───── Extracted entries ─────

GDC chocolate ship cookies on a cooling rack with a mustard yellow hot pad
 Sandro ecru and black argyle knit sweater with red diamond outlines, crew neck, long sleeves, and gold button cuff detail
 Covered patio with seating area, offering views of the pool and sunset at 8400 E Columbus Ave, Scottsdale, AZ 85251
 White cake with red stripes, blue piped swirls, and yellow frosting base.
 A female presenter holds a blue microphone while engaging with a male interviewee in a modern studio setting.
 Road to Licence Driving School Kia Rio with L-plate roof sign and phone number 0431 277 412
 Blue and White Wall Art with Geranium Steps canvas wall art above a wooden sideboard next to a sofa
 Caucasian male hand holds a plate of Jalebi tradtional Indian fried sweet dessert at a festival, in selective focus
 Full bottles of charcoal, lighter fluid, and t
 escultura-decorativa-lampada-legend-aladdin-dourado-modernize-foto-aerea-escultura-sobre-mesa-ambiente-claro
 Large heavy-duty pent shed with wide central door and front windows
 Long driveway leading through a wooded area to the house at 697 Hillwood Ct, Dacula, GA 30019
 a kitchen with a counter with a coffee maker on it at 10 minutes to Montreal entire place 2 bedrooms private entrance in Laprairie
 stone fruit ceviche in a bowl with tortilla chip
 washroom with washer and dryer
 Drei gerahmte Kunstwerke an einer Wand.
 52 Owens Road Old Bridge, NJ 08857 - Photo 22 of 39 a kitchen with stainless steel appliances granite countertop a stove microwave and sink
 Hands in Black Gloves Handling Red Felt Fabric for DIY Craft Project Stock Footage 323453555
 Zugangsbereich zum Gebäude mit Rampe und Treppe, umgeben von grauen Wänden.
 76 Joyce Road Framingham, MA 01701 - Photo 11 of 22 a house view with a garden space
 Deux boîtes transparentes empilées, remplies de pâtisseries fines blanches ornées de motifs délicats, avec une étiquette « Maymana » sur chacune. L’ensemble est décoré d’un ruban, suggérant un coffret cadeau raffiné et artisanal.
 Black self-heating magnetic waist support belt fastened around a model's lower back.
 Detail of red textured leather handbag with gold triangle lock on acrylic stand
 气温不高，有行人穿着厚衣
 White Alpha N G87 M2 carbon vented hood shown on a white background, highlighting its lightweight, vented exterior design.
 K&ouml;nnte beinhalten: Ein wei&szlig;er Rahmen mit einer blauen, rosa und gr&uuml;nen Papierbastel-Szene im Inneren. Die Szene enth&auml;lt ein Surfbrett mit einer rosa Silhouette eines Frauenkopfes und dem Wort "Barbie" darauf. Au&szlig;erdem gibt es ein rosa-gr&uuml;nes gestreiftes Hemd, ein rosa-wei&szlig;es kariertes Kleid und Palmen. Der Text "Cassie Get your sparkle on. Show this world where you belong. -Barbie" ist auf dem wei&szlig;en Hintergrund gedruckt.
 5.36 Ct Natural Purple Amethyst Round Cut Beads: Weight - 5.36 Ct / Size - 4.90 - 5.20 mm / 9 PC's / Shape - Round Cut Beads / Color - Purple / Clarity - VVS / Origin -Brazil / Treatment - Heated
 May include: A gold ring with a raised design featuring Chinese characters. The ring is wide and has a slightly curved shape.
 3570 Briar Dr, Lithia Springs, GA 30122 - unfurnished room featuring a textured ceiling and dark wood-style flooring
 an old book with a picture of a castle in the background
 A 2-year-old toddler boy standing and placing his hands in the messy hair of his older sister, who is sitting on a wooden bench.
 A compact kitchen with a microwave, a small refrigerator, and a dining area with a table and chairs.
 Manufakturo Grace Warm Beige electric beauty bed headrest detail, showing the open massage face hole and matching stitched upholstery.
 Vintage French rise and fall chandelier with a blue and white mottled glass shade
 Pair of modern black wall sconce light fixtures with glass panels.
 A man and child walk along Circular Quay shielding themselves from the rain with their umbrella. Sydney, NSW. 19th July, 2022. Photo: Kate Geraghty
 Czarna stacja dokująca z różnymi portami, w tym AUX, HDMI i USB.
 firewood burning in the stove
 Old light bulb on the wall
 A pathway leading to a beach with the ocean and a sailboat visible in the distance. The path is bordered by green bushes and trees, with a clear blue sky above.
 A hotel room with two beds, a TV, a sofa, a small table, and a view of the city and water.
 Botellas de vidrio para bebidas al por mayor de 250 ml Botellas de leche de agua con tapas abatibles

─────

## [Description of the task]
Repeat the material word for word, in full.

## [Solution below]
GDC chocolate ship cookies on a cooling rack with a mustard yellow hot pad
 Sandro ecru and black argyle knit sweater with red diamond outlines, crew neck, long sleeves, and gold button cuff detail
 Covered patio with seating area, offering views of the pool and sunset at 8400 E Columbus Ave, Scottsdale, AZ 85251
 White cake with red stripes, blue piped swirls, and yellow frosting base.
 A female presenter holds a blue microphone while engaging with a male interviewee in a modern studio setting.
 Road to Licence Driving School Kia Rio with L-plate roof sign and phone number 0431 277 412
 Blue and White Wall Art with Geranium Steps canvas wall art above a wooden sideboard next to a sofa
 Caucasian male hand holds a plate of Jalebi tradtional Indian fried sweet dessert at a festival, in selective focus
 Full bottles of charcoal, lighter fluid, and t
 escultura-decorativa-lampada-legend-aladdin-dourado-modernize-foto-aerea-escultura-sobre-mesa-ambiente-claro
 Large heavy-duty pent shed with wide central door and front windows
 Long driveway leading through a wooded area to the house at 697 Hillwood Ct, Dacula, GA 30019
 a kitchen with a counter with a coffee maker on it at 10 minutes to Montreal entire place 2 bedrooms private entrance in Laprairie
 stone fruit ceviche in a bowl with tortilla chip
 washroom with washer and dryer
 Drei gerahmte Kunstwerke an einer Wand.
 52 Owens Road Old Bridge, NJ 08857 - Photo 22 of 39 a kitchen with stainless steel appliances granite countertop a stove microwave and sink
 Hands in Black Gloves Handling Red Felt Fabric for DIY Craft Project Stock Footage 323453555
 Zugangsbereich zum Gebäude mit Rampe und Treppe, umgeben von grauen Wänden.
 76 Joyce Road Framingham, MA 01701 - Photo 11 of 22 a house view with a garden space
 Deux boîtes transparentes empilées, remplies de pâtisseries fines blanches ornées de motifs délicats, avec une étiquette « Maymana » sur chacune. L’ensemble est décoré d’un ruban, suggérant un coffret cadeau raffiné et artisanal.
 Black self-heating magnetic waist support belt fastened around a model's lower back.
 Detail of red textured leather handbag with gold triangle lock on acrylic stand
 气温不高，有行人穿着厚衣
 White Alpha N G87 M2 carbon vented hood shown on a white background, highlighting its lightweight, vented exterior design.
 K&ouml;nnte beinhalten: Ein wei&szlig;er Rahmen mit einer blauen, rosa und gr&uuml;nen Papierbastel-Szene im Inneren. Die Szene enth&auml;lt ein Surfbrett mit einer rosa Silhouette eines Frauenkopfes und dem Wort "Barbie" darauf. Au&szlig;erdem gibt es ein rosa-gr&uuml;nes gestreiftes Hemd, ein rosa-wei&szlig;es kariertes Kleid und Palmen. Der Text "Cassie Get your sparkle on. Show this world where you belong. -Barbie" ist auf dem wei&szlig;en Hintergrund gedruckt.
 5.36 Ct Natural Purple Amethyst Round Cut Beads: Weight - 5.36 Ct / Size - 4.90 - 5.20 mm / 9 PC's / Shape - Round Cut Beads / Color - Purple / Clarity - VVS / Origin -Brazil / Treatment - Heated
 May include: A gold ring with a raised design featuring Chinese characters. The ring is wide and has a slightly curved shape.
 3570 Briar Dr, Lithia Springs, GA 30122 - unfurnished room featuring a textured ceiling and dark wood-style flooring
 an old book with a picture of a castle in the background
 A 2-year-old toddler boy standing and placing his hands in the messy hair of his older sister, who is sitting on a wooden bench.
 A compact kitchen with a microwave, a small refrigerator, and a dining area with a table and chairs.
 Manufakturo Grace Warm Beige electric beauty bed headrest detail, showing the open massage face hole and matching stitched upholstery.
 Vintage French rise and fall chandelier with a blue and white mottled glass shade
 Pair of modern black wall sconce light fixtures with glass panels.
 A man and child walk along Circular Quay shielding themselves from the rain with their umbrella. Sydney, NSW. 19th July, 2022. Photo: Kate Geraghty
 Czarna stacja dokująca z różnymi portami, w tym AUX, HDMI i USB.
 firewood burning in the stove
 Old light bulb on the wall
 A pathway leading to a beach with the ocean and a sailboat visible in the distance. The path is bordered by green bushes and trees, with a clear blue sky above.
 A hotel room with two beds, a TV, a sofa, a small table, and a view of the city and water.
 Botellas de vidrio para bebidas al por mayor de 250 ml Botellas de leche de agua con tapas abatibles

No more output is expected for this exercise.